Cumulus Networks at OCP will be demonstrating an instance of its network operating system running on Voyager during the OCP conference that just went into trials. The goal is to make Cumulus Linux generally available in June.

The goal is to substantially reduce the cost of data center to data center networking that requires optical transports, says Ami Badani, vice president of marketing for Cumulus Networks.

“Most of the interest in Voyager is coming from universities and service providers,” says Badani.

Access to the trial is being provided via ADVA, a technology partner of Cumulus Network. Organizations participating in the trials include Vodafone; NYSERNet and Internet2, non-profit research and education networks in the U.S.; GRnet, a national research and education network in Greece; and CESNET, an operator of national e-infrastructure for science, research, development, and education based in Czech Republic.

Badani says the savings generated by Voyager go well beyond reducing proprietary Layer 2 and Layer 3 networking hardware. The operational costs associated with managing a single integrated optical transport system should be much less as well.

It may take a while before Voyager becomes widely deployed. But it’s apparent that there is a significant potential to flatten the networking infrastructure at a time when cloud computing is driving an increased need for networking services spanning multiple data centers, which is clearly a challenge Facebook is trying to solve to deliver web and mobile applications on a global basis.
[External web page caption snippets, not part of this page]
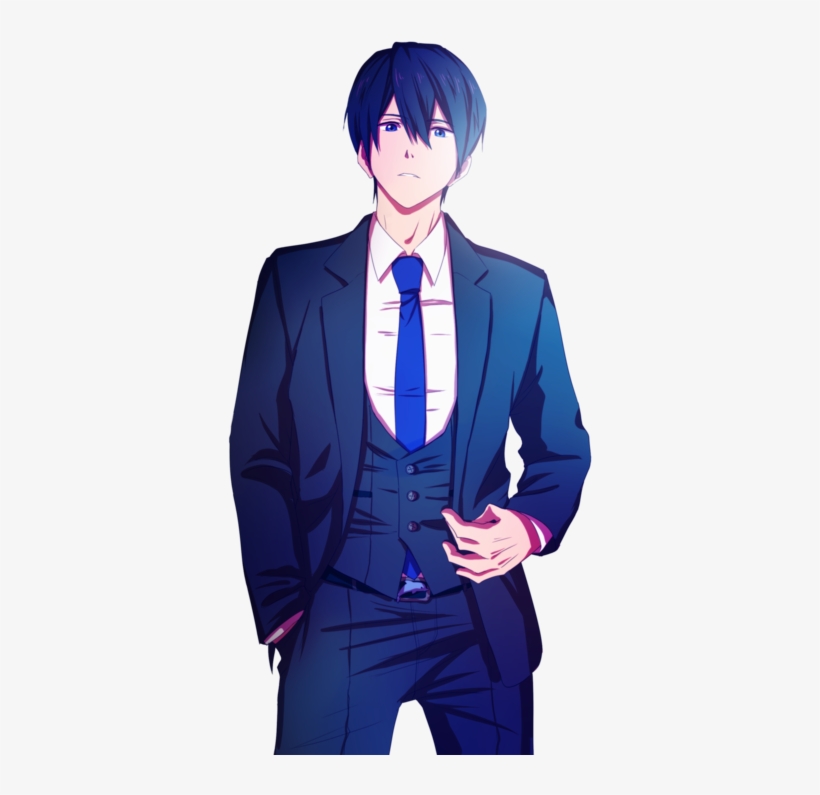 Haru Formal Shared - Prison School Kiyoshi Suit, transparent png download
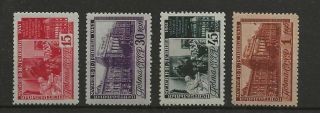 Russia Sc 852 - 5 Mh Stamps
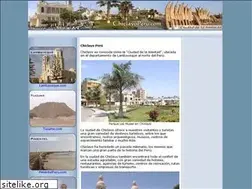 Sites similar to chiclayoperu.com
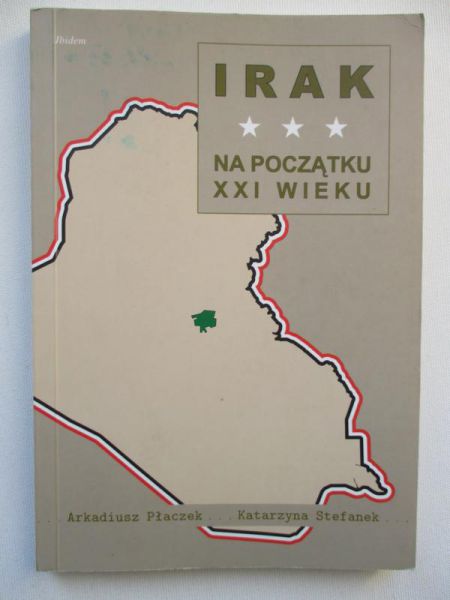 Irak na początku XXI wieku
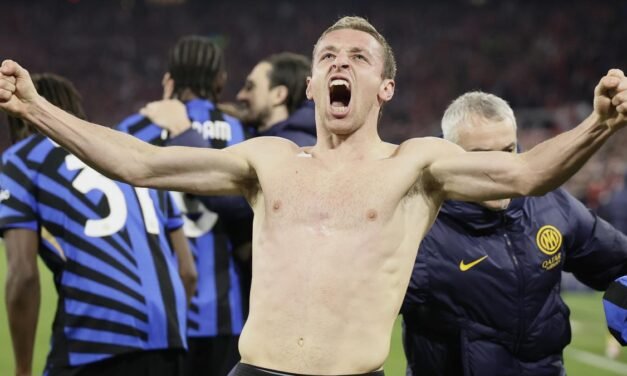 El Inter no tiembla y silencia Munich
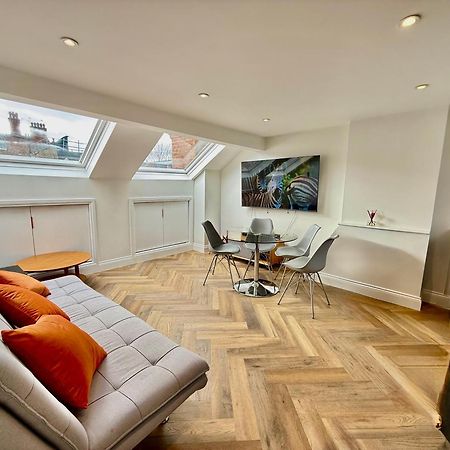 Central, Modern, Westfield, Close To Tube Station 伦敦 外观 照片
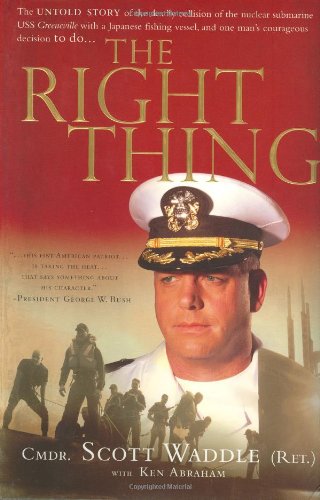 The right thing Cover
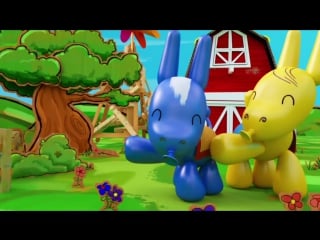 Balloon barnyard series 1 trailer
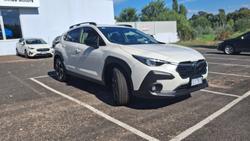 2025 Subaru Crosstrek 2.0S G6X MY26 WHITE
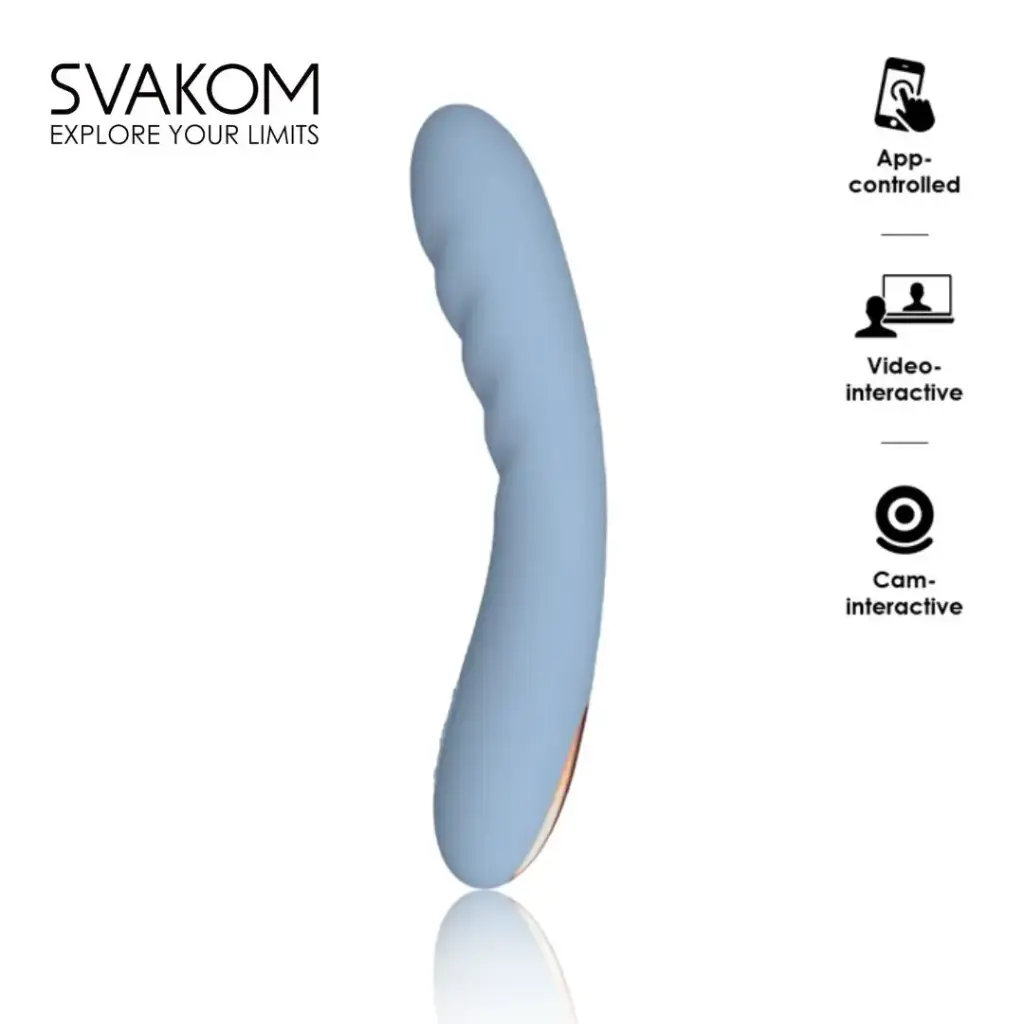 [6959633102800] Svakom Ava Neo Telescopico control por app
Less clear is to what degree the availability of Voyager will force providers of existing optical transport systems to reevaluate their own networking architectures. While there is an opportunity to lower costs by integrating Layer 2 and 3 networking services, different teams with organizations typically manage those services. That in turn creates a significant amount of political inertia because neither team wants to cede control of a fiefdom. It’s usually not until theses teams are unified that organizations gain the political will to adopt a different approach to delivering network services. Of course, in some organizations the need to deliver network services at scale has already forced the issue.